FHA21 - dimanche 6 juin - Salle des Colonnes, château de Fontainebleau

France Nerlich at the Festival of Art History
Screenshot from Festival's YouTube video

Beginning at 24:06 minutes, Ms. Nerlich relates the story of how the grant was conceived.

At 26:11 minutes, she explains why the grant is named after Beauford.

At 27:08 minutes, she introduces Ms. Géré.

At 28:17 minutes, Ms. Géré takes the microphone and describes her encounter with Beauford's art at the Tate Modern during the Soul of a Nation exhibition in 2017.  She then presents the project that inspired the committee to grant her the award.
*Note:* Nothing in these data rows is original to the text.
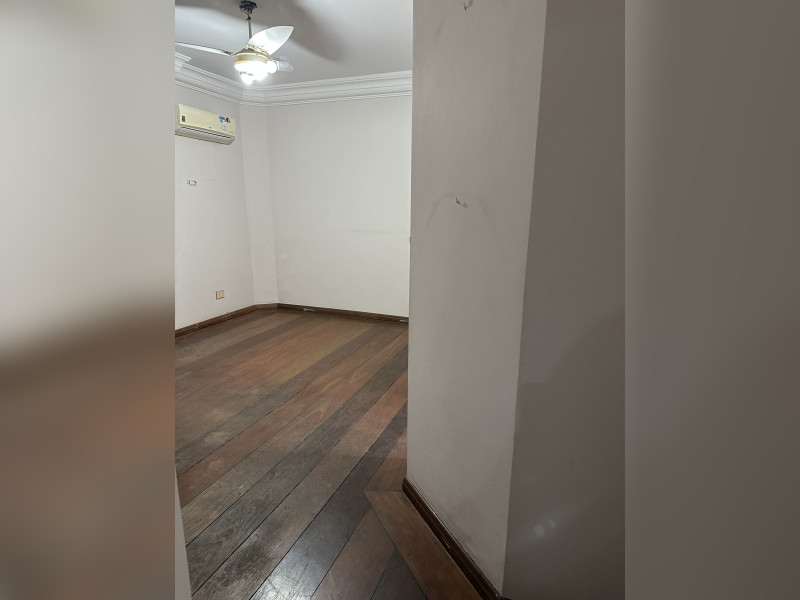 Apartamento à venda Boqueirão com 370m² e 4 quartos por R$ 1.600.000 - img-8190.jpeg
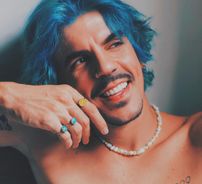 Foto de Marco Marcolino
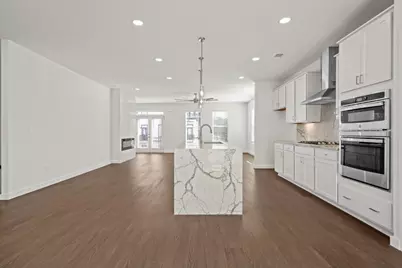 1078 Glen Opal Drive, Decatur, GA 30032 - Photo 13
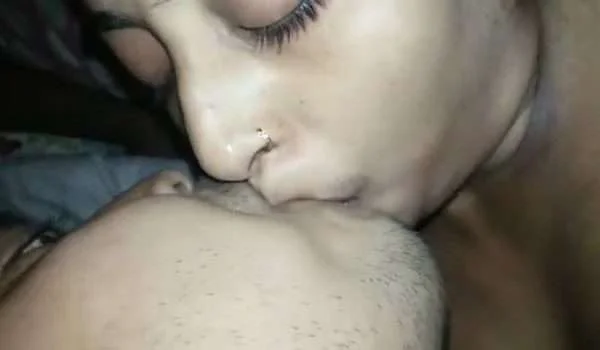 Desi Bhabhi Ki Zabardasht Chudai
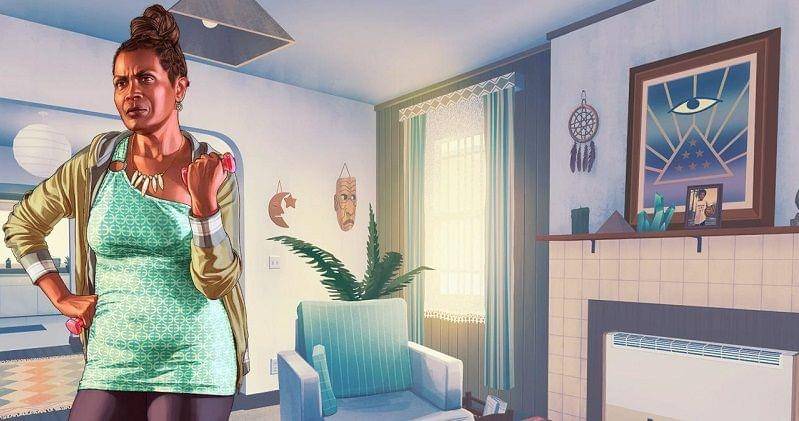 thegrandtheftautopark.com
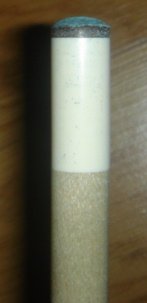 schick shaft 002 (2).jpg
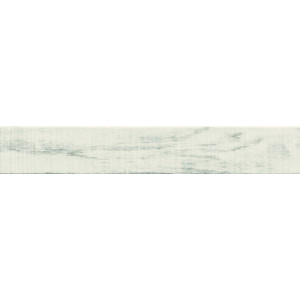 Cir Напольная плитка 40x6.5 ALASKA WHITE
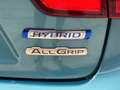 Suzuki Ignis 1,2 Dualjet Hybrid Allgrip Flash Blau - thumbnail 10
Vanina Géré at the Festival of Art History
Screenshot from Festival's YouTube video

The selection committee, comprised of art historians Eric de Chassey, Director of INHA in Paris, Richard J. Powell, John Spencer Bassett Professor of Art & Art History at Duke University, Anne Lafont, Art Historian and directrice d'études à l'École des hautes études en sciences sociales (EHESS), France Nerlich, Director of Studies and Research at INHA, and Anne-Claire Duprat, Visual Arts Officer at the Cultural Services of the French Embassy in the U.S., received a total of six excellent research proposals, which is an honorable number for a new grant in its first year. The committee extends its warmest encouragement to Helene Valance for her project “Re-present: African-American representations of the national past, 19th-early 20th century,” which came in second place.
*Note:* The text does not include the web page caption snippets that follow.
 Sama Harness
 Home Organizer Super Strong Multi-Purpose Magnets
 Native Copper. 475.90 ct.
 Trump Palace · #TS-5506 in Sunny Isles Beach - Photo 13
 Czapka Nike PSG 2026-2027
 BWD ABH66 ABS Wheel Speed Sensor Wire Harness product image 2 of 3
Committee member Richard J. Powell, John Spencer Bassett Professor of Art & Art History at Duke University, and curator of the Beauford Delaney: The Color Yellow exhibition launched at the High Museum of Art, Atlanta in 2002, commented on the award as follows:

I am delighted that this new research grant, named after the legendary artist Beauford Delaney, will further strengthen the long-standing cultural ties between France and the United States. Given the importance of France in the careers and creative works of countless artists of African descent, this grant honors Delaney and his fellow travelers, and promises to make their artistic contributions better known.
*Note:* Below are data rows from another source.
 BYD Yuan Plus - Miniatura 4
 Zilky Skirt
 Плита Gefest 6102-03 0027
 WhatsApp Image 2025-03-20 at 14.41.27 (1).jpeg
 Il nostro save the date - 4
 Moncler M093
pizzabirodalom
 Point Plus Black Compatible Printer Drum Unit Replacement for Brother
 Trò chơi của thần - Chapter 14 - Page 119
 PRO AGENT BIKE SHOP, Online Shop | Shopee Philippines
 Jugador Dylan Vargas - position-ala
Gaëtan Bruel, Cultural Counselor of the French Embassy in the U.S., commented as follows:

In our current socio-political context, both in France and the United States, BIPOC communities are rightfully asking for equality and better representation and visibility, including in the arts. We at the Cultural Services of the French Embassy are committed now more than ever to pursuing our mission to support high quality artistic projects that speak to the crucial issues of our times while promoting the social and humanistic values that are at the core of the Franco-America friendship. We send Vanina Géré our best wishes for the success of her future research project. We also thank our partners, FACE Foundation and the Ford Foundation, for their essential support, and their ongoing commitment to make this world a better, fairer place through art and culture.